29 Agosto, 2019   |  

L’impresa firmata Disney più rischiosa degli ultimi anni è finalmente arrivata nelle sale italiane incantando grandi e piccini.

Ogni cinefilo ha iniziato a vivere sogni in celluloide sin dalla tenera età. Spesso, inoltre, la scintilla che ha accesso una grande passione per la settima arte è nata davanti ad un racconto animato. Un’intera generazione in particolare ha scoperto l’atmosfera e la magia della sala cinematografica grazie ai Classici Disney che negli anni Novanta hanno consolidato la posizione di rilievo della Disney nel panorama cinematografico internazionale. Il film che forse ha segnato maggiormente quel periodo rimanendo nel cuore degli appassionati è senza dubbio Il Re Leone del 1994. Vincitore di ben due premi Oscar per la colonna sonora di Hans Zimmer e il brano The Circle of Life, questo gioiellino è diventato un cult non solo del suo genere stabilendo regole e canoni per tutti i film che lo hanno seguito. Jon Favreau, già pioniere del Marvel Cinematic Universe e del live-action de Il libro della giungla, è alla regia del remake “in carne ed ossa” de Il Re Leone. Quest’operazione rischiosissima è riuscita  a convincere il popolo degli scettici? Questa nuova versione segue senza scossoni la trama originale raccontando la storia di dichiarata ispirazione shakespeariana del leone Simba, naturale erede del regno animale guidato dal padre Mufasa.

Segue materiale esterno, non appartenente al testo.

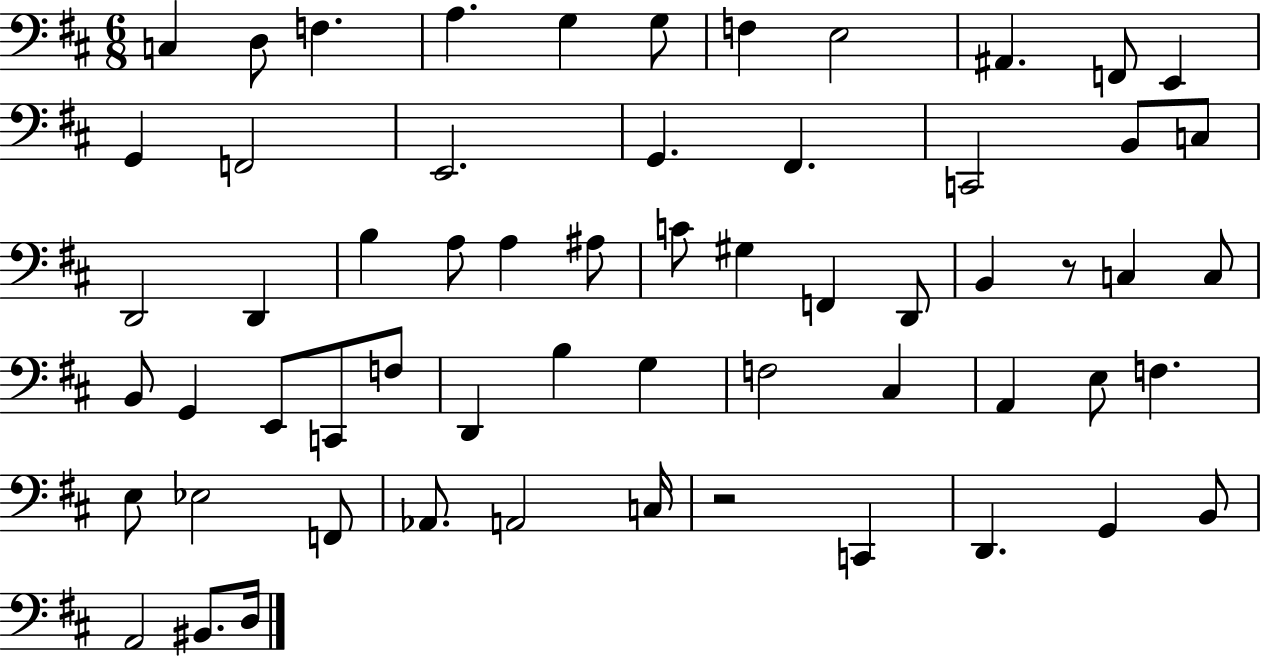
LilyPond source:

{
  \clef bass
  \numericTimeSignature
  \time 6/8
  \key d \major
  c4 d8 f4. | a4. g4 g8 | f4 e2 | ais,4. f,8 e,4 | \break g,4 f,2 | e,2. | g,4. fis,4. | c,2 b,8 c8 | \break d,2 d,4 | b4 a8 a4 ais8 | c'8 gis4 f,4 d,8 | b,4 r8 c4 c8 | \break b,8 g,4 e,8 c,8 f8 | d,4 b4 g4 | f2 cis4 | a,4 e8 f4. | \break e8 ees2 f,8 | aes,8. a,2 c16 | r2 c,4 | d,4. g,4 b,8 | \break a,2 bis,8. d16 | \bar "|."
}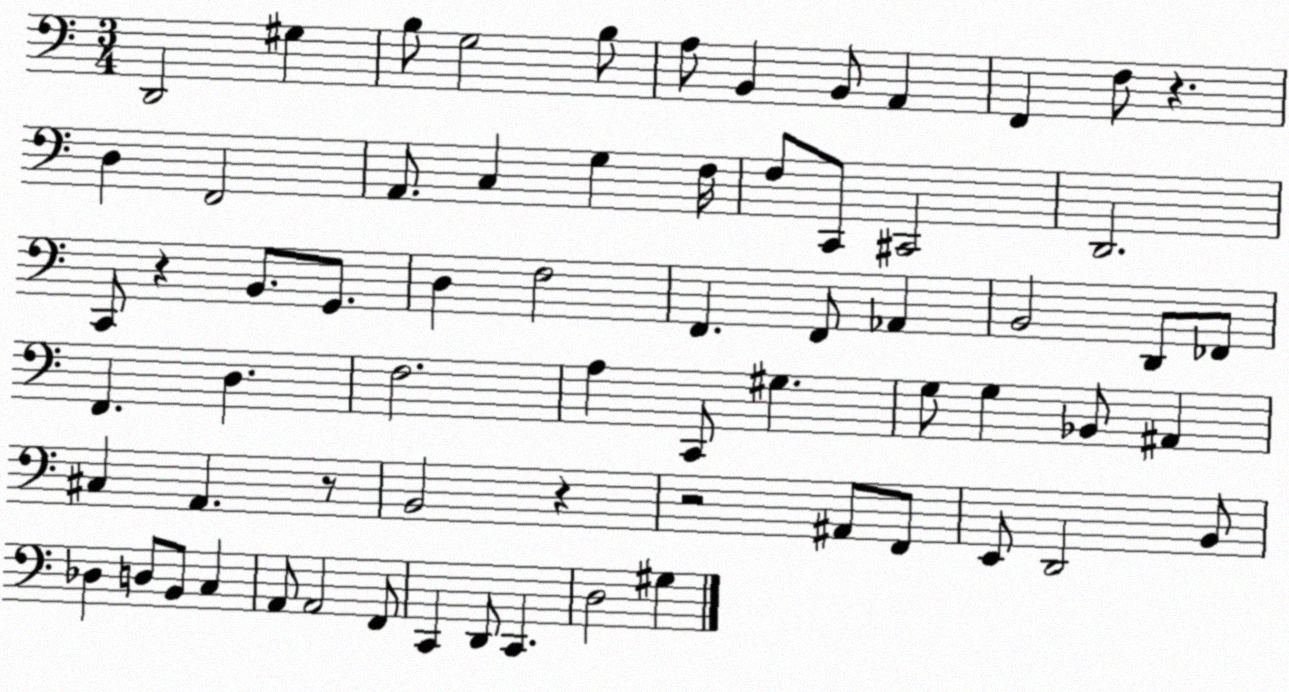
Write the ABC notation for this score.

X:1
T:Untitled
M:3/4
L:1/4
K:C
D,,2 ^G, B,/2 G,2 B,/2 A,/2 B,, B,,/2 A,, F,, F,/2 z D, F,,2 A,,/2 C, G, F,/4 F,/2 C,,/2 ^C,,2 D,,2 C,,/2 z B,,/2 G,,/2 D, F,2 F,, F,,/2 _A,, B,,2 D,,/2 _F,,/2 F,, D, F,2 A, C,,/2 ^G, G,/2 G, _B,,/2 ^A,, ^C, A,, z/2 B,,2 z z2 ^A,,/2 F,,/2 E,,/2 D,,2 B,,/2 _D, D,/2 B,,/2 C, A,,/2 A,,2 F,,/2 C,, D,,/2 C,, D,2 ^G,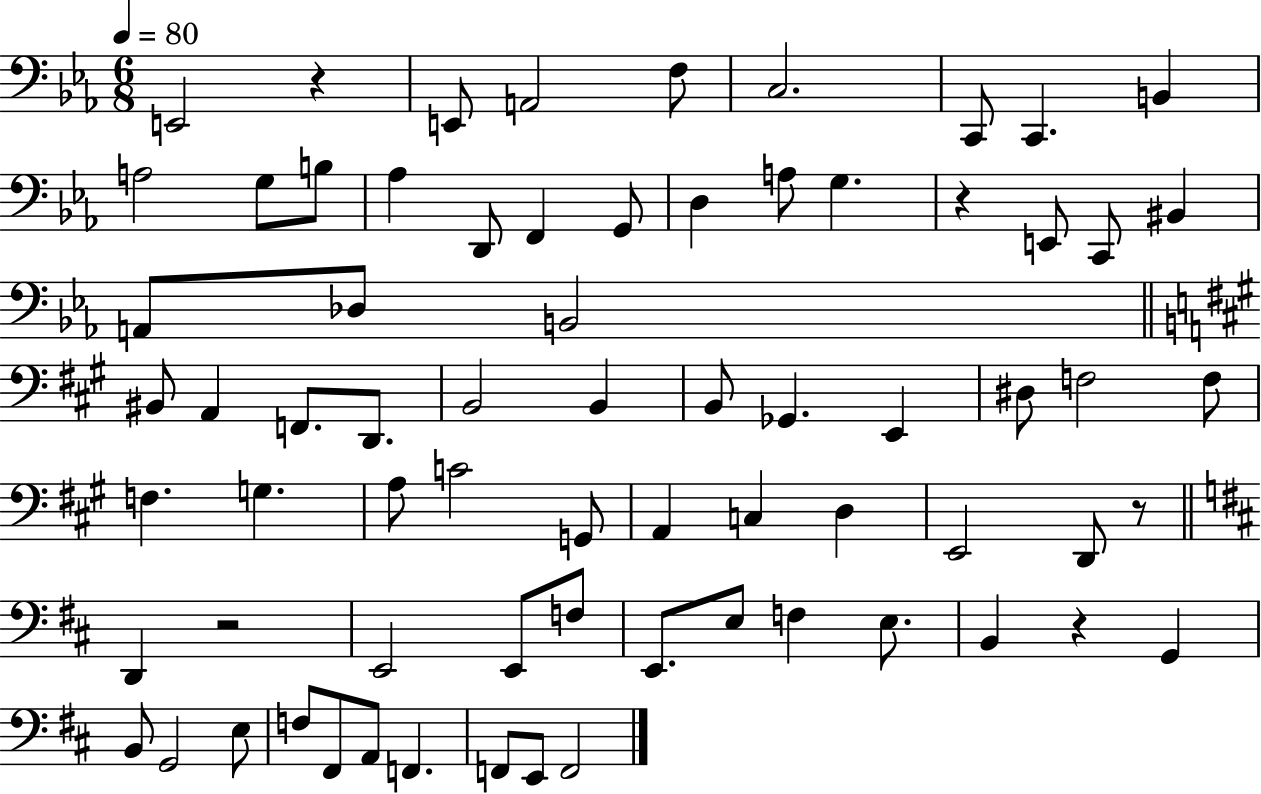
E2/h R/q E2/e A2/h F3/e C3/h. C2/e C2/q. B2/q A3/h G3/e B3/e Ab3/q D2/e F2/q G2/e D3/q A3/e G3/q. R/q E2/e C2/e BIS2/q A2/e Db3/e B2/h BIS2/e A2/q F2/e. D2/e. B2/h B2/q B2/e Gb2/q. E2/q D#3/e F3/h F3/e F3/q. G3/q. A3/e C4/h G2/e A2/q C3/q D3/q E2/h D2/e R/e D2/q R/h E2/h E2/e F3/e E2/e. E3/e F3/q E3/e. B2/q R/q G2/q B2/e G2/h E3/e F3/e F#2/e A2/e F2/q. F2/e E2/e F2/h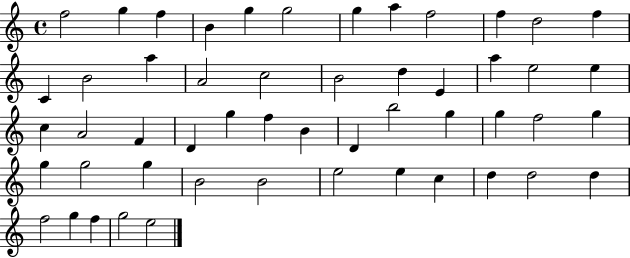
F5/h G5/q F5/q B4/q G5/q G5/h G5/q A5/q F5/h F5/q D5/h F5/q C4/q B4/h A5/q A4/h C5/h B4/h D5/q E4/q A5/q E5/h E5/q C5/q A4/h F4/q D4/q G5/q F5/q B4/q D4/q B5/h G5/q G5/q F5/h G5/q G5/q G5/h G5/q B4/h B4/h E5/h E5/q C5/q D5/q D5/h D5/q F5/h G5/q F5/q G5/h E5/h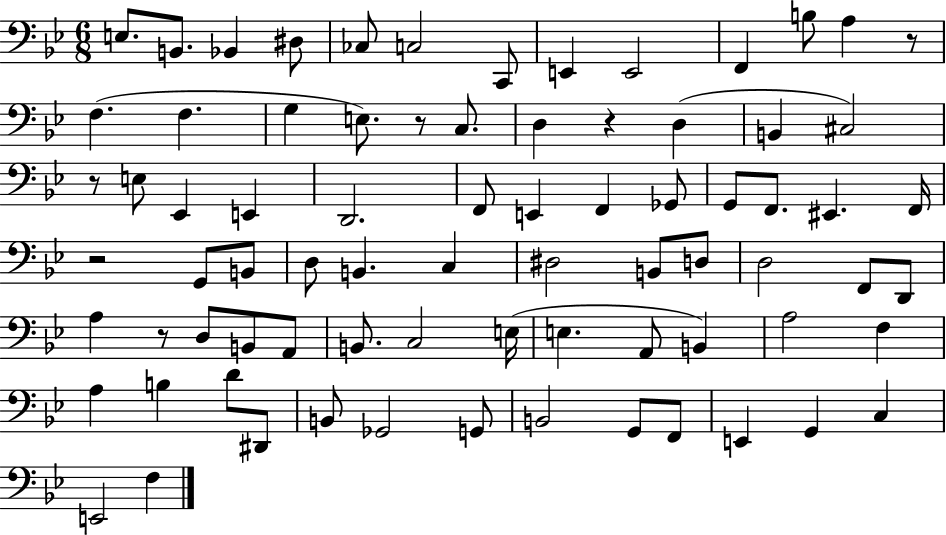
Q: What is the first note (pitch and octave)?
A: E3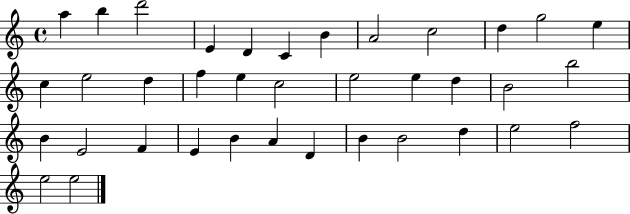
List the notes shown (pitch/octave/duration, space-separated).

A5/q B5/q D6/h E4/q D4/q C4/q B4/q A4/h C5/h D5/q G5/h E5/q C5/q E5/h D5/q F5/q E5/q C5/h E5/h E5/q D5/q B4/h B5/h B4/q E4/h F4/q E4/q B4/q A4/q D4/q B4/q B4/h D5/q E5/h F5/h E5/h E5/h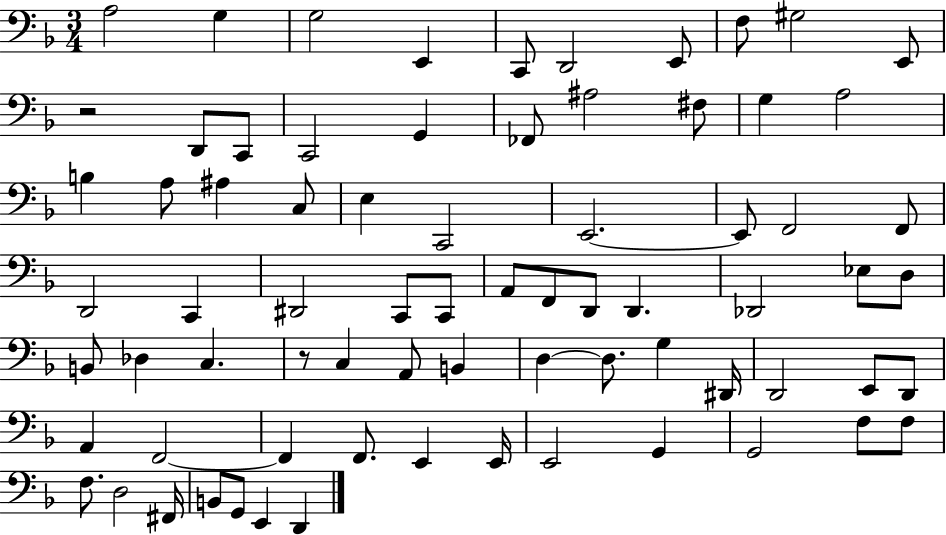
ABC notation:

X:1
T:Untitled
M:3/4
L:1/4
K:F
A,2 G, G,2 E,, C,,/2 D,,2 E,,/2 F,/2 ^G,2 E,,/2 z2 D,,/2 C,,/2 C,,2 G,, _F,,/2 ^A,2 ^F,/2 G, A,2 B, A,/2 ^A, C,/2 E, C,,2 E,,2 E,,/2 F,,2 F,,/2 D,,2 C,, ^D,,2 C,,/2 C,,/2 A,,/2 F,,/2 D,,/2 D,, _D,,2 _E,/2 D,/2 B,,/2 _D, C, z/2 C, A,,/2 B,, D, D,/2 G, ^D,,/4 D,,2 E,,/2 D,,/2 A,, F,,2 F,, F,,/2 E,, E,,/4 E,,2 G,, G,,2 F,/2 F,/2 F,/2 D,2 ^F,,/4 B,,/2 G,,/2 E,, D,,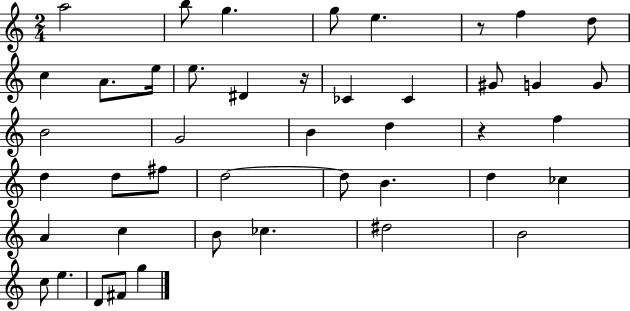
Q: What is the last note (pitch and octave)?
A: G5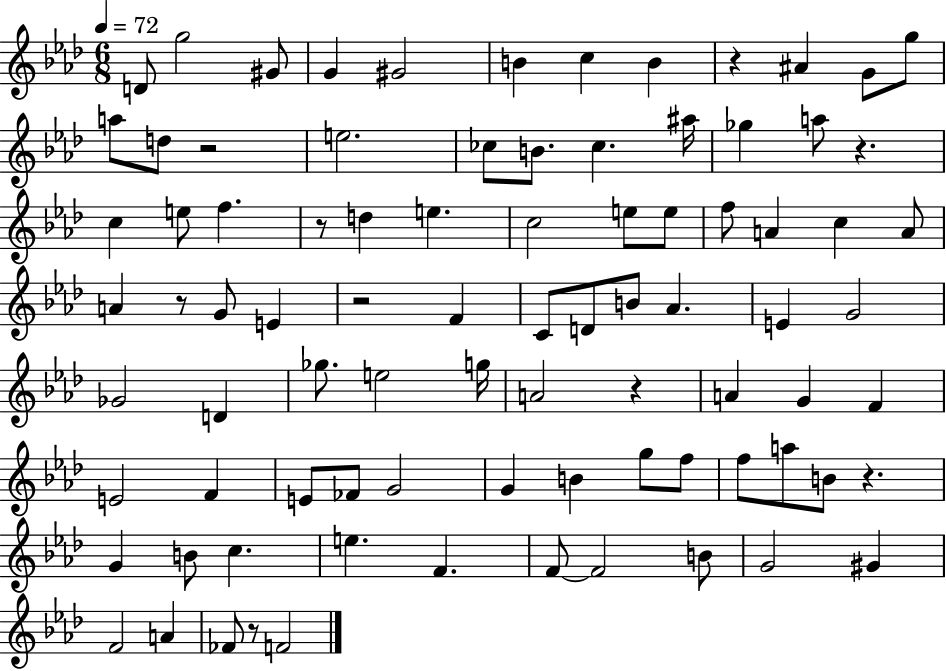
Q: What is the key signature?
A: AES major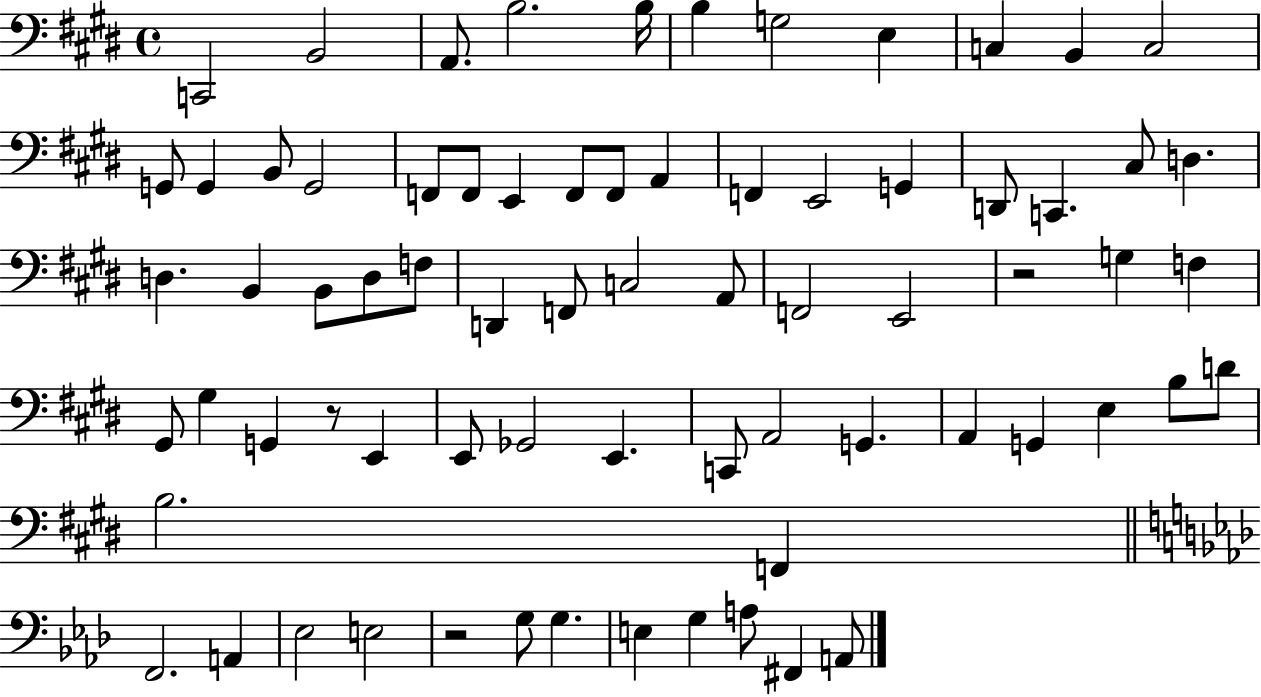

Invidie e giochi di potere non mancano in un racconto in grado di rivolgersi sia al pubblico più giovane che a quello più maturo con riferimenti alle dinamiche e ai meccanismi che regolano anche la società umana. Personaggi iconici in una nuova veste tornano in scena pronti a raccontare ancora una storia intramontabile. La messa in scena, a venticinque anni di distanza dall’originale, non perde il suo fascino anzi, sembra acquisirne con il giusto audio e una rappresentazione iper-realistica degli animali. Proprio quest’ultima, però, a tratti sembra diventare un’arma a doppio taglio: se, da una parte, rende ancora più efficaci e, forse, adulte le scene più drammatiche, dall’altra stona con lo spirito d’animazione per cui si può sospendere l’incredulità davanti a degli animali parlanti. Le sole immagini del film, tuttavia, avrebbero saputo cogliere nel segno anche senza dialoghi. La parte musicale, tuttavia, è ciò che riesce davvero a colpire il cuore dello spettatore. Elisa e Marco Mengoni, doppiatori nella versione italiana, non sfigurano minimamente al confronto con Donald Glover e Beyoncé del doppiaggio originale statunitense. Senza troppi sforzi, nonostante qualche difetto per i più pignoli, Il Re Leone raggiunge i suoi obiettivi garantendosi un’ottima posizione tra i titoli della stagione cinematografica.